The evident purpose of the legislature, in passing the statute of 1870, was to enable the plaintiff the better to perform its duties to the public, by prolonging its existence, doubling its capital, and confirming, if not enlarging, its powers. An intention that it should immediately abdicate those powers, and cease to perform those duties, is so inconsistent with that purpose, that it cannot be implied, without much clearer expressions of the legislative will looking towards that end, than are to be found in this statute.

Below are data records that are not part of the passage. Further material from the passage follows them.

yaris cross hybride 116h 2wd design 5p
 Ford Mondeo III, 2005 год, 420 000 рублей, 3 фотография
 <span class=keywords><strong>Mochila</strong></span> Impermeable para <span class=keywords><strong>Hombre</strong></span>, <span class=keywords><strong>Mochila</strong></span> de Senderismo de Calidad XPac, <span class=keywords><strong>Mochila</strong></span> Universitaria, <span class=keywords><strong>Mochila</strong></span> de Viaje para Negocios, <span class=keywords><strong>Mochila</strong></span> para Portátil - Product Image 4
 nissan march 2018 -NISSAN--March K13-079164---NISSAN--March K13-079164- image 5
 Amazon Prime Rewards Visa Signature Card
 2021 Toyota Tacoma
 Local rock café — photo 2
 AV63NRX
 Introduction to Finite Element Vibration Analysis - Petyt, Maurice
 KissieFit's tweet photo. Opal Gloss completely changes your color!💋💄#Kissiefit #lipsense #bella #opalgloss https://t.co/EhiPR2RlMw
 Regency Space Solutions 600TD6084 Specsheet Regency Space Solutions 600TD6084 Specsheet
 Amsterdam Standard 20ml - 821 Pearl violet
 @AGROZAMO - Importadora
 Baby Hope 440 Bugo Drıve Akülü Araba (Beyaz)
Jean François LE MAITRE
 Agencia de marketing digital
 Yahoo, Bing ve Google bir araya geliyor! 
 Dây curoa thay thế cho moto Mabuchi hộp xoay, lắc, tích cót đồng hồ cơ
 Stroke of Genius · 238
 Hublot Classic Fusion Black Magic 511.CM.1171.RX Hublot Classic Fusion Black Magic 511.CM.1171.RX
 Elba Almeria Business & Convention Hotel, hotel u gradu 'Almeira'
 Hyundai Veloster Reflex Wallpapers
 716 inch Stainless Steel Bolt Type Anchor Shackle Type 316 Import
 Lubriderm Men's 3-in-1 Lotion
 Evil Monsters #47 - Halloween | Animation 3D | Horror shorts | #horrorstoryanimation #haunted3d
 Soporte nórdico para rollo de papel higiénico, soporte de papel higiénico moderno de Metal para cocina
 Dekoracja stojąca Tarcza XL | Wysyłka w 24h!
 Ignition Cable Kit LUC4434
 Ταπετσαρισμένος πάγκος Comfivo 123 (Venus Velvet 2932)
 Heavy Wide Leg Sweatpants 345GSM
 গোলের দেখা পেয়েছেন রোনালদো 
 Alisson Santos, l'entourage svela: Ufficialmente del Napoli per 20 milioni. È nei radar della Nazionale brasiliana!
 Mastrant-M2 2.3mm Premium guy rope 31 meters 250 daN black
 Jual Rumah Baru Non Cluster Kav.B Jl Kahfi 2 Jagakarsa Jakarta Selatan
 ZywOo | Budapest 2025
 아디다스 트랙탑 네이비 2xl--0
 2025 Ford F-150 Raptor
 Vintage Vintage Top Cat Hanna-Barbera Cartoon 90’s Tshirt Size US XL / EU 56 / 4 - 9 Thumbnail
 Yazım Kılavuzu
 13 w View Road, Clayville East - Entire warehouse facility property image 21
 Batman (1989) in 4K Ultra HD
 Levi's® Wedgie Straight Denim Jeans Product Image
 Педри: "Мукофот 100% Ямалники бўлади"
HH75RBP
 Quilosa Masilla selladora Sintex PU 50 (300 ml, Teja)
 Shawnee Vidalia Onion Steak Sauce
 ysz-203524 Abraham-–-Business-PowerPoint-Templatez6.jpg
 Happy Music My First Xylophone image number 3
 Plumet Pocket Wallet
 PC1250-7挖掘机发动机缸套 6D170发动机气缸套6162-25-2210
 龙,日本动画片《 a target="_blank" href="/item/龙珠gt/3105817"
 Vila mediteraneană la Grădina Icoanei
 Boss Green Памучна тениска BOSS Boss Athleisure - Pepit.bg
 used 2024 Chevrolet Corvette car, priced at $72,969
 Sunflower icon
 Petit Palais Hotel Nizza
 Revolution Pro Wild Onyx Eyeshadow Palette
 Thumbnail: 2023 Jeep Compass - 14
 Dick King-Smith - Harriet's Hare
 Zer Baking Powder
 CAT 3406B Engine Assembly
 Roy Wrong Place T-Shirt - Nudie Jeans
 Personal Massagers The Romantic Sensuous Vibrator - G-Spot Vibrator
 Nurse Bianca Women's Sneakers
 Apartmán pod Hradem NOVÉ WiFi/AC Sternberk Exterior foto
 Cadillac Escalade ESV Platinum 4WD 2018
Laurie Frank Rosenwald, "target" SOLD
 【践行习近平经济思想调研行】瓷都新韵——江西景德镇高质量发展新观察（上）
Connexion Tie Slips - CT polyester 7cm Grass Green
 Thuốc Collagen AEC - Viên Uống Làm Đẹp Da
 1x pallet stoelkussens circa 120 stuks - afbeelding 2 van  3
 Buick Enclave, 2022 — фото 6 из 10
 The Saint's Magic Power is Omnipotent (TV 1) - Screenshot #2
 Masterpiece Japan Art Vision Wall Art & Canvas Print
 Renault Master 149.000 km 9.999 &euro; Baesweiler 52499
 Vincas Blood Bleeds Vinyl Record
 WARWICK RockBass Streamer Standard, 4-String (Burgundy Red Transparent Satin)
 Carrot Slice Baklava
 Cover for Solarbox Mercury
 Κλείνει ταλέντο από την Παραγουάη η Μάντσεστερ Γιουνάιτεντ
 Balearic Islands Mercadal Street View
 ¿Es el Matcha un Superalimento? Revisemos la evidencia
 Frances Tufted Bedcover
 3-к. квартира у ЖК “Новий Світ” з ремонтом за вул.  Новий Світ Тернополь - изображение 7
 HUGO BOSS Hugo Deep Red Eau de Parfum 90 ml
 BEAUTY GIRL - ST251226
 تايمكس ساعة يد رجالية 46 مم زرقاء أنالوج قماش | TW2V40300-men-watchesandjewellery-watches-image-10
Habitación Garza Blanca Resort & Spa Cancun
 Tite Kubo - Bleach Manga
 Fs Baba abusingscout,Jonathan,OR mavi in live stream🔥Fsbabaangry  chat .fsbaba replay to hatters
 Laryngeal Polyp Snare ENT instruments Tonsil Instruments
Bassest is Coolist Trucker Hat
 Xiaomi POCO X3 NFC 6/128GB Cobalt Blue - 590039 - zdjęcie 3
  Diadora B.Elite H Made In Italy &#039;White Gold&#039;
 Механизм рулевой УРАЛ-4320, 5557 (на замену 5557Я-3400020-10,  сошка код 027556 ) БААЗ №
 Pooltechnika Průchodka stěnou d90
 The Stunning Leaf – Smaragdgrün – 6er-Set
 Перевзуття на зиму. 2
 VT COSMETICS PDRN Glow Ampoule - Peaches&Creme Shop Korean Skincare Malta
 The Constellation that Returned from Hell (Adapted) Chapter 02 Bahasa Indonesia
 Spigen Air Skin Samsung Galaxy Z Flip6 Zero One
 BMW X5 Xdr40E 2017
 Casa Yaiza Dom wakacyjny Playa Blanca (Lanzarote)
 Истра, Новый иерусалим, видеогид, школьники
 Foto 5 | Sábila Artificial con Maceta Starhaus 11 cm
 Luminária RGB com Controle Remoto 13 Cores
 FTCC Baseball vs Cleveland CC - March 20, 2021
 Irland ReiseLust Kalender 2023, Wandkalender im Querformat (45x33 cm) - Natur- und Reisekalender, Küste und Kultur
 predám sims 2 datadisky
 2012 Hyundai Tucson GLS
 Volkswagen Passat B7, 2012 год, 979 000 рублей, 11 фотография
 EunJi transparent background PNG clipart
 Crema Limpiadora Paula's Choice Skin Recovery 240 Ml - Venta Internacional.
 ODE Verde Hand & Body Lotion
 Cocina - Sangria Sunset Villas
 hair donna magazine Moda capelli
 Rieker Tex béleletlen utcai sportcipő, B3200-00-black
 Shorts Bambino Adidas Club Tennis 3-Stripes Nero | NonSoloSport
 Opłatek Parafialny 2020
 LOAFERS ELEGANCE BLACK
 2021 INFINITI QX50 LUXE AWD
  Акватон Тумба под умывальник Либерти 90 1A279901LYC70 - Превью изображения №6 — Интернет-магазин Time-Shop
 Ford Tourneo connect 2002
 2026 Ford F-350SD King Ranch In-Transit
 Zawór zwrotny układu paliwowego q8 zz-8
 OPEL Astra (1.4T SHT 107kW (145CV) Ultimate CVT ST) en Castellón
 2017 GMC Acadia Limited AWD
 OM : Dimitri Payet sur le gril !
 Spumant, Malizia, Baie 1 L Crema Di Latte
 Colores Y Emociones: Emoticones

The provision of this statute, by which the plaintiff is empowered to contract with other corporations "for the leasing or hiring and transfer to them, or any of them," of its "railway cars and other personal property," is fully satisfied by construing it as confirming the plaintiff's right to do as it had been doing, to "lease" or "hire" (which are equivalent words) to other corporations in the regular course of its business, and to "transfer" under such leasing or hiring, its "railway cars," and "other personal property," either connected with the cars, or at least of the same general nature of tangible property. It can hardly be stretched to warrant the plaintiff in making to a single corporation an absolute transfer, or a long lease, of all that might be comprehended in the words "personal property" in their widest sense, including not only goods and chattels, but moneys, credits and rights of action. In any view, it would be inconsistent alike with the main purpose of the statute, and with the uniform course of decision in this court, to construe these words as authorizing the plaintiff to deprive itself, either absolutely, or for a long period of time, of the right to exercise the franchise granted to it by the legislature for the accommodation of the public.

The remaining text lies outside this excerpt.